Nossas sociedades são multiétnicas, nelas convivem muitas culturas e idéias, foram fundadas nos princípios do pluralismo, da tolerância e do respeito à diversidade. O fato de nossos governos se respeitarem mutuamente explica o excelente momento que atravessam as relações entre Brasil e Estados Unidos. Revela, também, o grande potencial de cooperação que têm nossos países, se formos capazes de continuar construindo objetivos comuns.

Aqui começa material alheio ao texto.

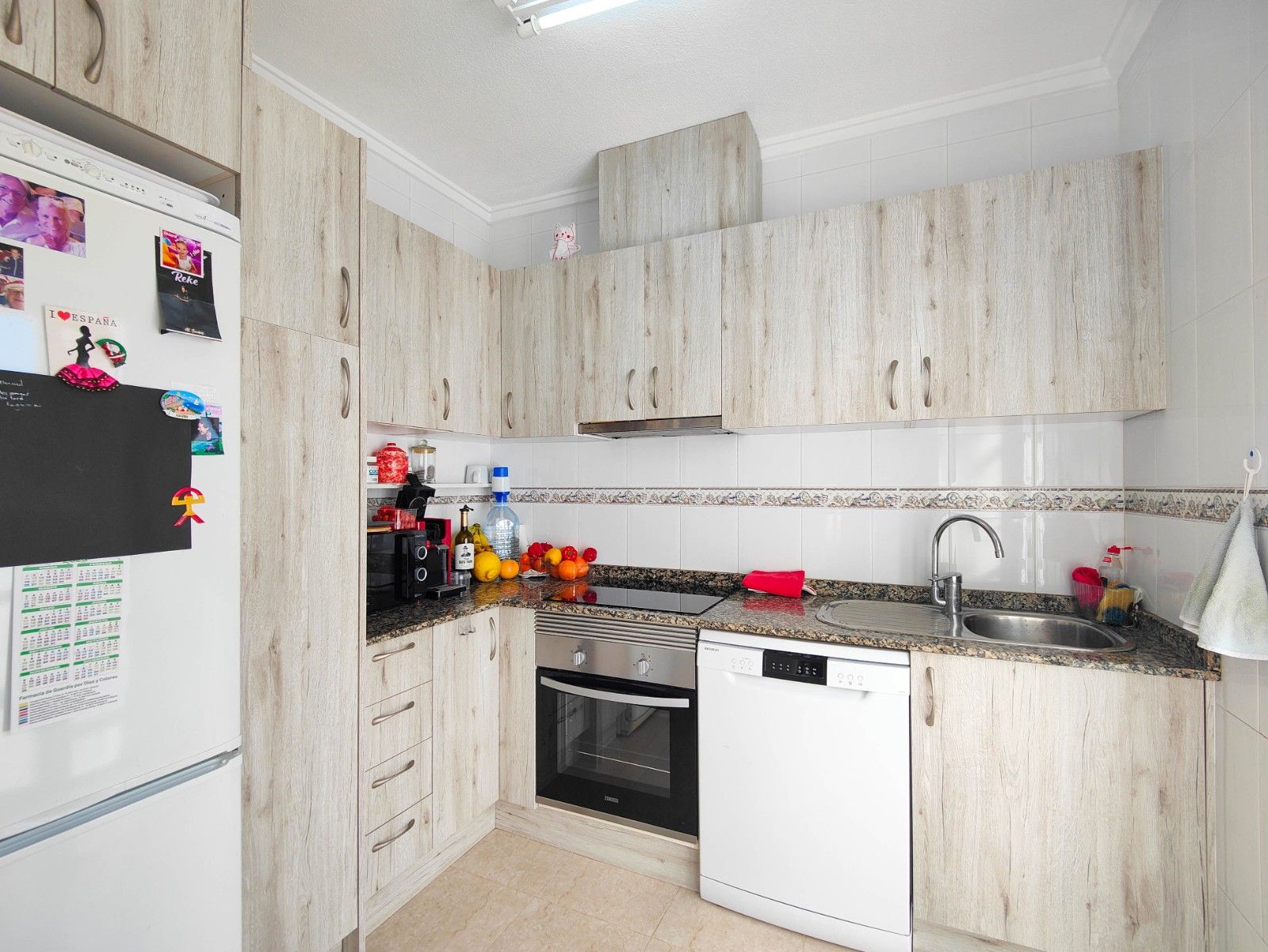 2-Bedroom Villa in Rojales - Image 34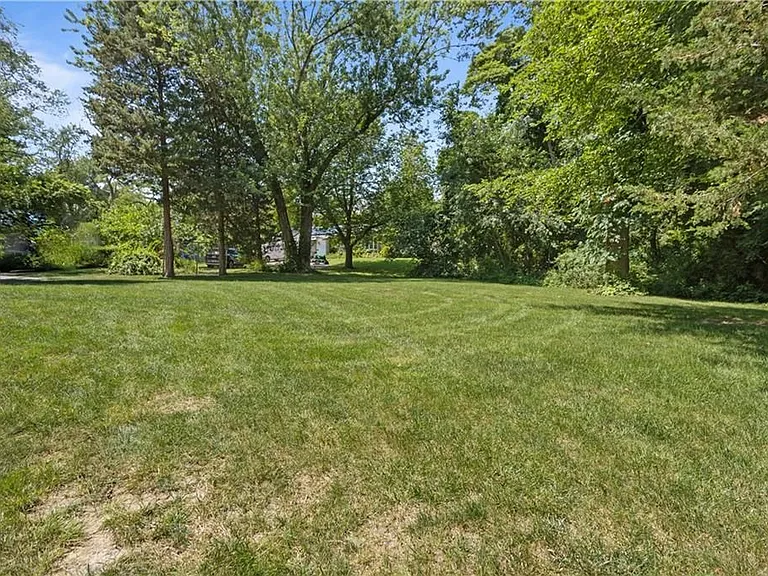 93 Kickemuit Ave — Photo 32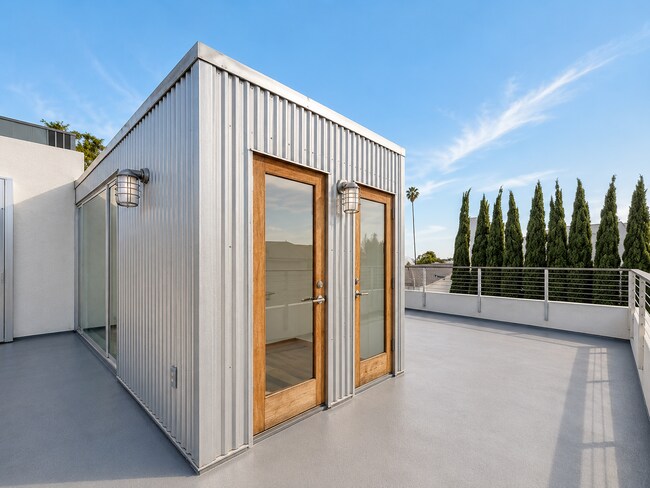Building Photo - Contemporary Luxury Living in the Heart of La Jolla Village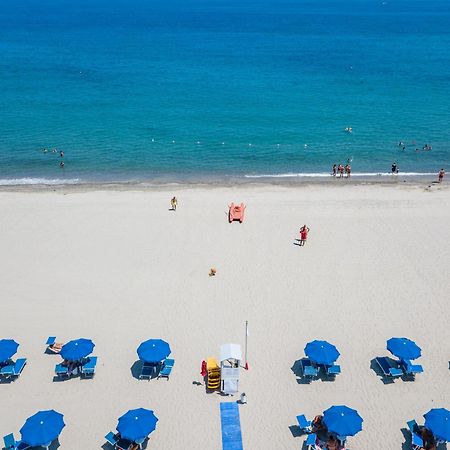 Le Dune Beach Club Messina Eksteriør bilde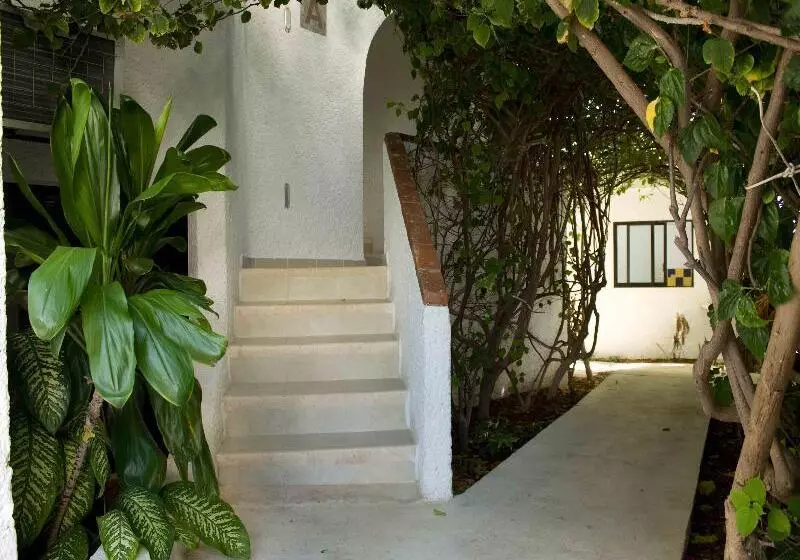 Sotavento Hotel & Yacht Club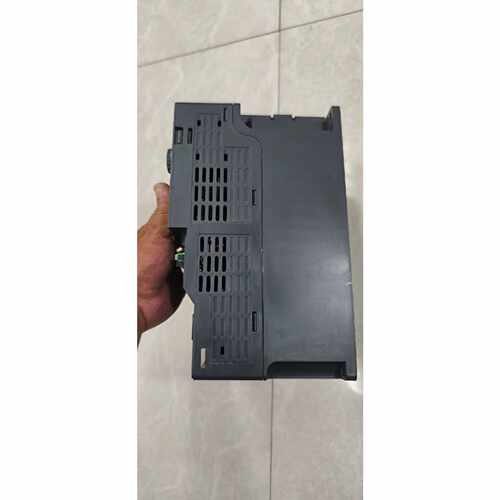 议价拆机英捷思变频器一台，Y300-YS0150G3，15kw/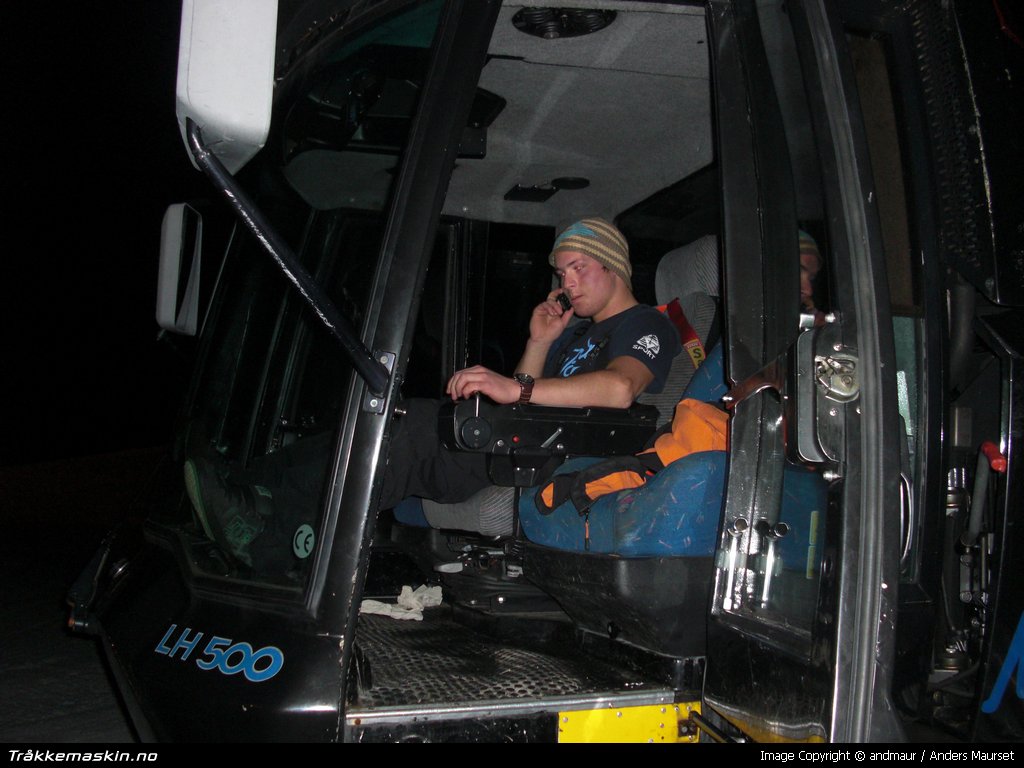 TRYKK FOR � LUKKE VINDUET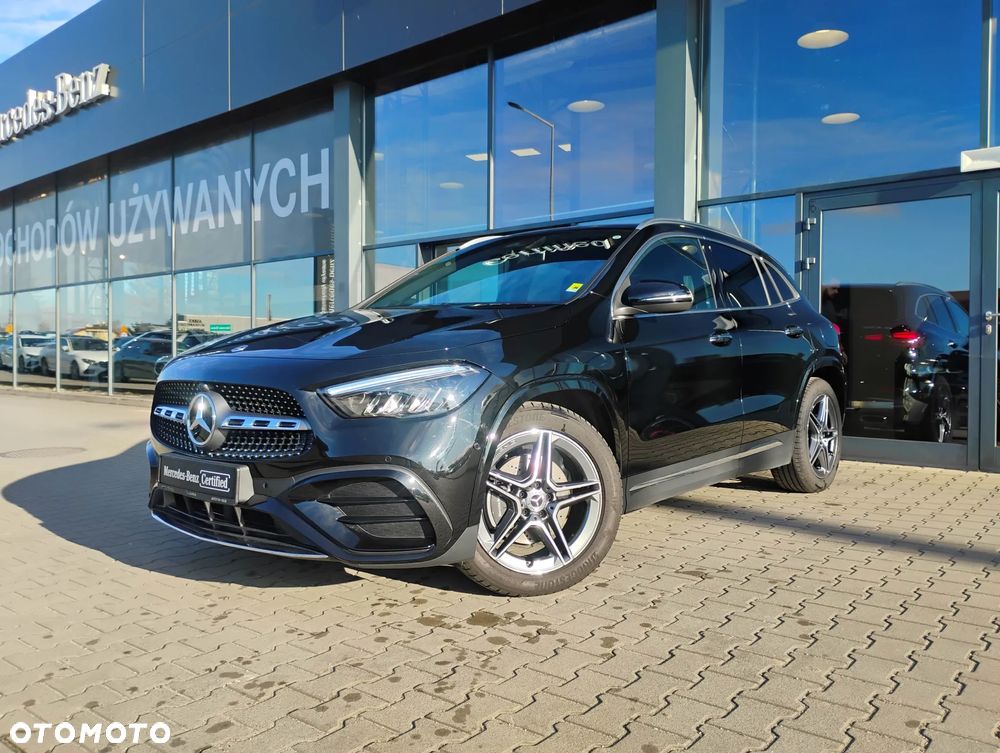 Mercedes-Benz GLA 200 AMG Line - 1
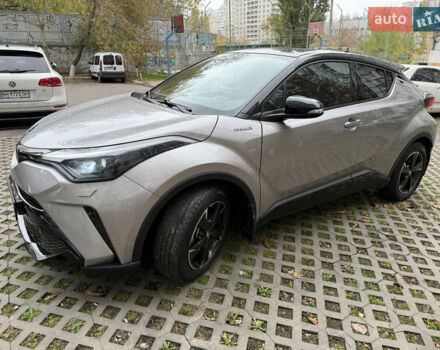 Серый Тойота C-HR, объемом двигателя 1.99 л и пробегом 19 тыс. км за 27500 $, фото 16 на Automoto.ua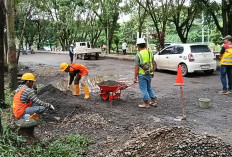 Keluhkan Jalinsum Dalam Kota Rusak Berlubang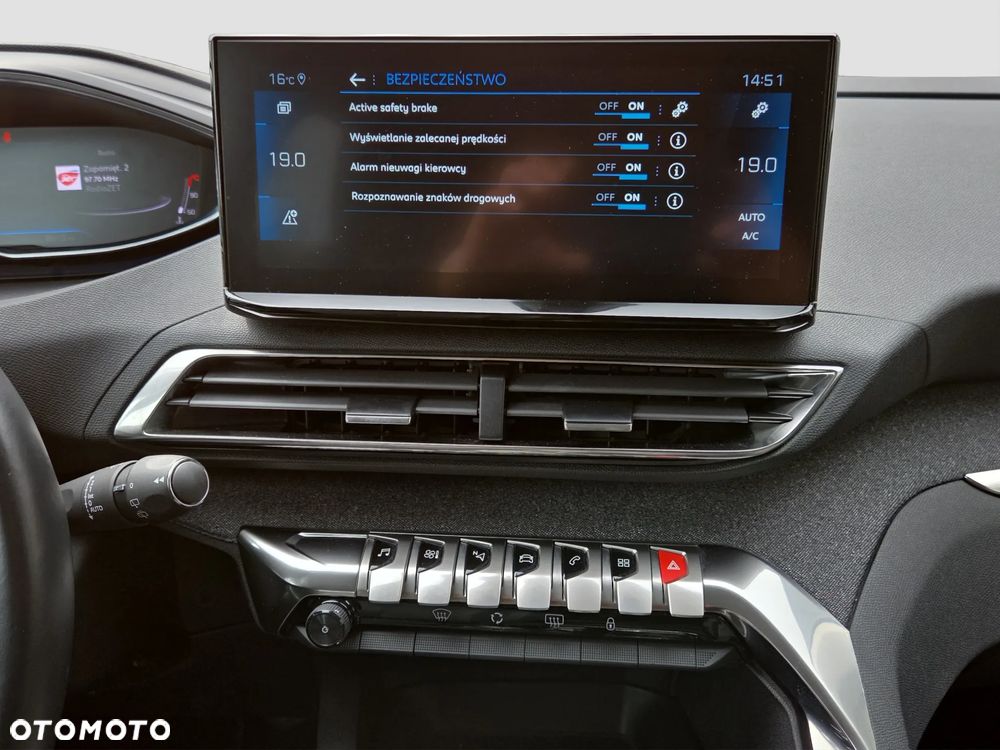 Peugeot 3008 1.5 BlueHDi Allure Pack S&S EAT8 - 17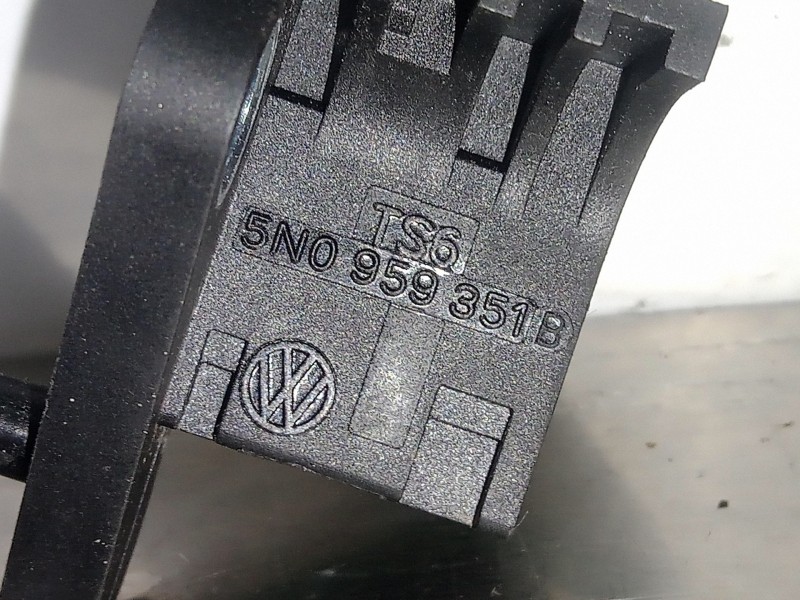 Recambio de sensor impacto airbag para skoda octavia berlina (1z3) 1.9 tdi referencia OEM IAM 5N0959351B 2.PINES 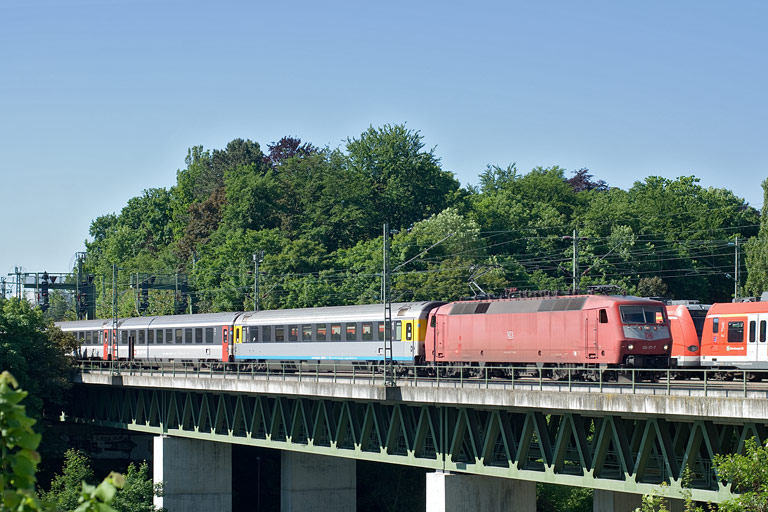 120 117 mit IC 284 bei km 14,6 (Juni 2010)
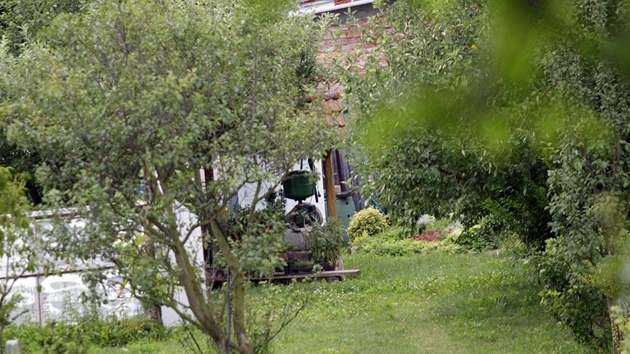 Pohled do zahrady domu v Milonicch na Vykovsku, kde policist nali zputoenou enu, kterou 15 let nikdo nevidl.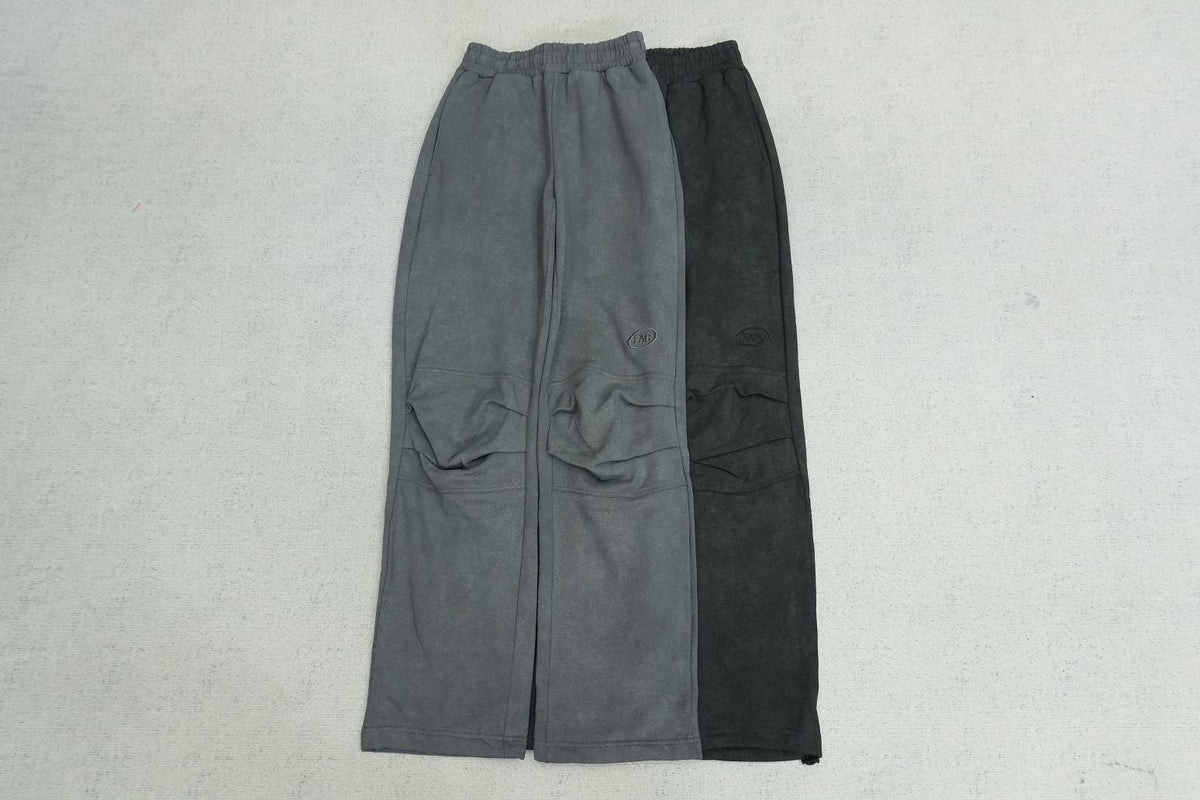 F - SWEATPANTS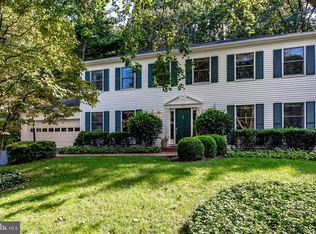 1311 Quail Ridge Dr, Reston, VA 20194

Essa foi a base das conversações que tivemos hoje, quando repassamos nossa ampla agenda bilateral e avaliamos como melhor trabalhar em questões regionais e multilaterais. O relacionamento entre Brasil e Estados Unidos historicamente transcendeu aos governos que estiveram à frente dos nossos países, prova disso é a ampla rede de relações entre empresários, representantes da sociedade civil e cidadãos dos dois países.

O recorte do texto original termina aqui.